ところで、結局、その後、警察やら大家さんやらがわたしたちの部屋のインターフォンを押し、事情を聞いたりお礼を言ったりして帰って行った。消防隊も、一人が近所に「今回のものは火災ではありません」などとマイクを使って説明して歩いた後、まもなくして去って行った。
食事を終えた頃、連れ合いがわたしにこう言った。「隣の人の顔をまともに見たことなかったけど、これで初めて顔が見れるな。お礼にくるよな」という。
しかしわたしは、「お礼には来ないかもよ」と答える。「まさかそんなはずねーだろ。ひーさんが気付かなきゃ火事になってたんだよ」「でも、実際、火事にはならなかったわけだし、お礼は言いにこないかもよ。そういうことを思わない人かもしれないよ。挨拶もしないし、引越しのときにも来なかったでしょ」
まだ帰宅していないのか、現在、午後10時13分。
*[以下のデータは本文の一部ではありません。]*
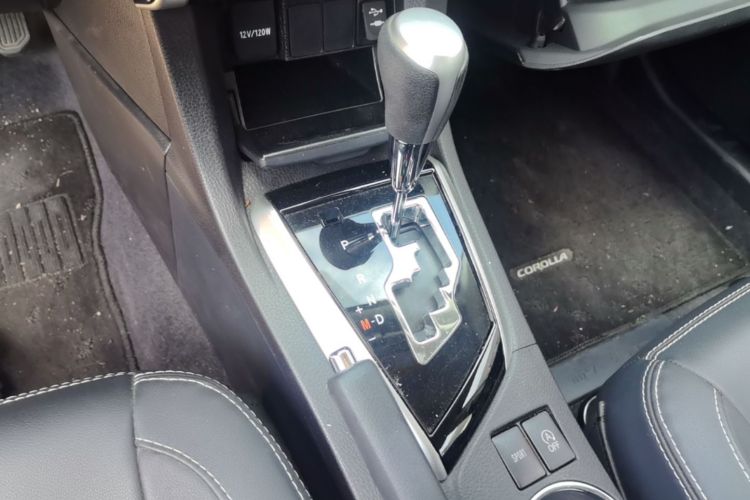 Toyota Corolla 2018 #16 Toyota Corolla 2018 car image #16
今のところまだ隣の人は家にやってこない。わたしは多分、ずっとこのまま家にはこないように思う。
午後11時10分過ぎ、この原稿の校正を済ませる頃、隣の人が挨拶にきた。さすがにこういうことではお礼は言えるのか。二十代ほどのきれいな女性だった。大変、恐縮していた。隣りの引越し以来、初めて顔をまともに見た(苦笑)。